[Short text fragments from websites]
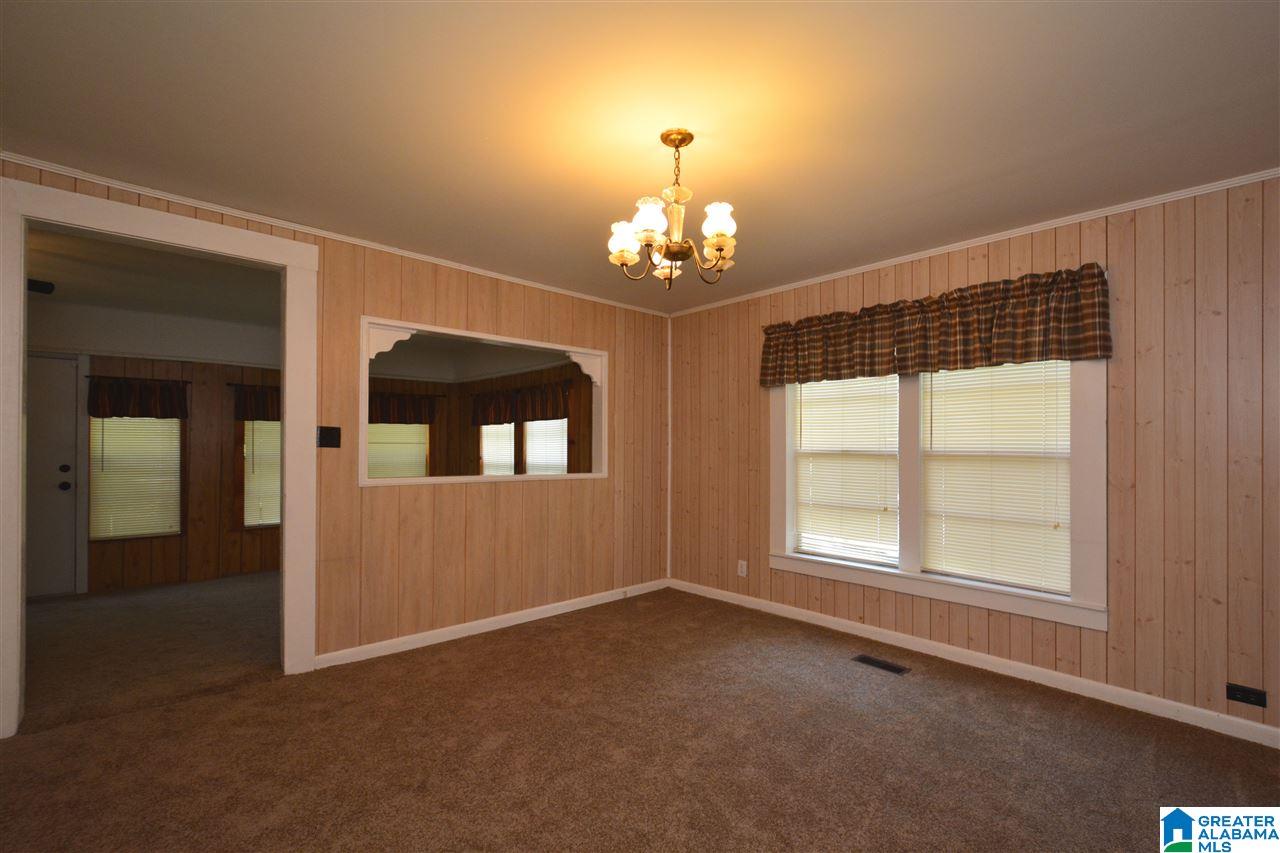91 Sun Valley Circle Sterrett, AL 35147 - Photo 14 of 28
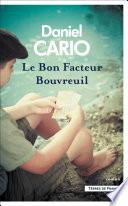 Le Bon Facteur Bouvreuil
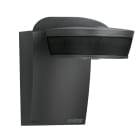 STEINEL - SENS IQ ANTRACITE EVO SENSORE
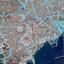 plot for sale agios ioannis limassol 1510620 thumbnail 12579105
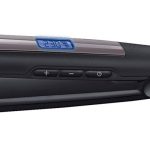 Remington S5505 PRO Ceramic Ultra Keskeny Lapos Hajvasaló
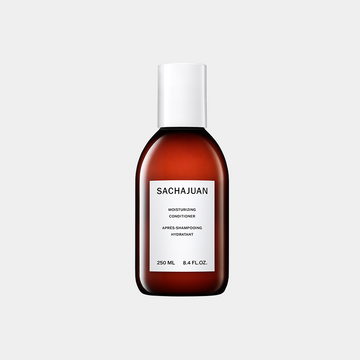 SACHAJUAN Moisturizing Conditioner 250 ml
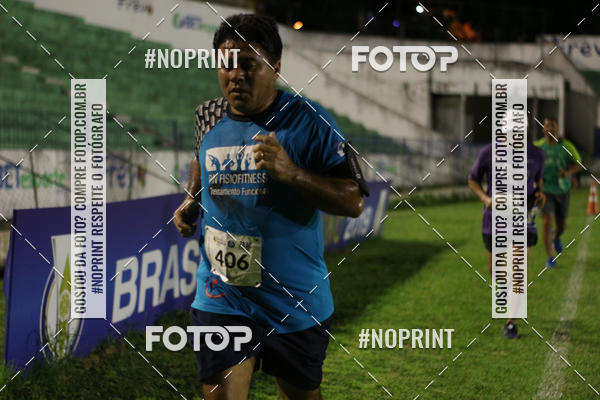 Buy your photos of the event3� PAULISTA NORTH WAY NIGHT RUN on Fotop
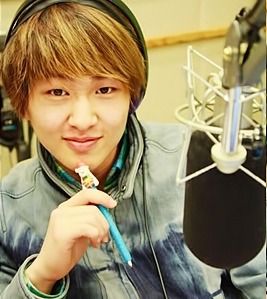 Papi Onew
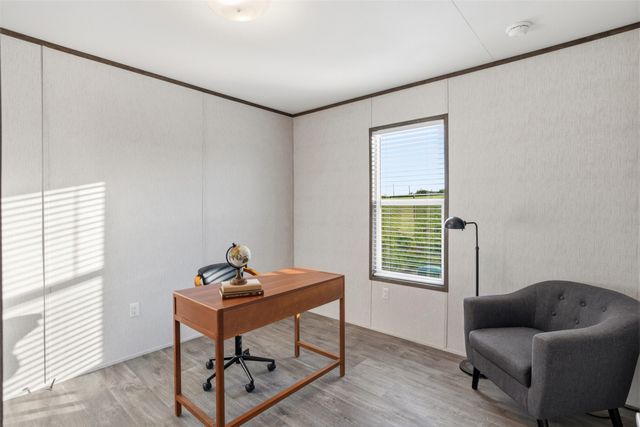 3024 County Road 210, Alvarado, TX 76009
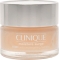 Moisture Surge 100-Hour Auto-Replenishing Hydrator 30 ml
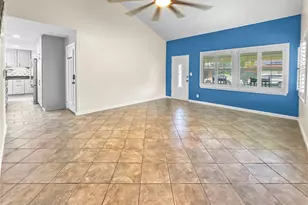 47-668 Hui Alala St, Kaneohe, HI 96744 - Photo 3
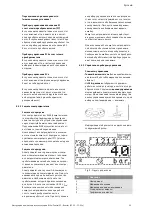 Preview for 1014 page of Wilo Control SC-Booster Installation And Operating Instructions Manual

[Exercise directions]:
Transcribe each record above exactly, leaving every picture out of the copy.

[Task answer]:
91 Sun Valley Circle Sterrett, AL 35147 - Photo 14 of 28
 Le Bon Facteur Bouvreuil
 STEINEL - SENS IQ ANTRACITE EVO SENSORE
 plot for sale agios ioannis limassol 1510620 thumbnail 12579105
 Remington S5505 PRO Ceramic Ultra Keskeny Lapos Hajvasaló
 SACHAJUAN Moisturizing Conditioner 250 ml
 Buy your photos of the event3� PAULISTA NORTH WAY NIGHT RUN on Fotop
 Papi Onew
 3024 County Road 210, Alvarado, TX 76009
 Moisture Surge 100-Hour Auto-Replenishing Hydrator 30 ml
 47-668 Hui Alala St, Kaneohe, HI 96744 - Photo 3
 Preview for 1014 page of Wilo Control SC-Booster Installation And Operating Instructions Manual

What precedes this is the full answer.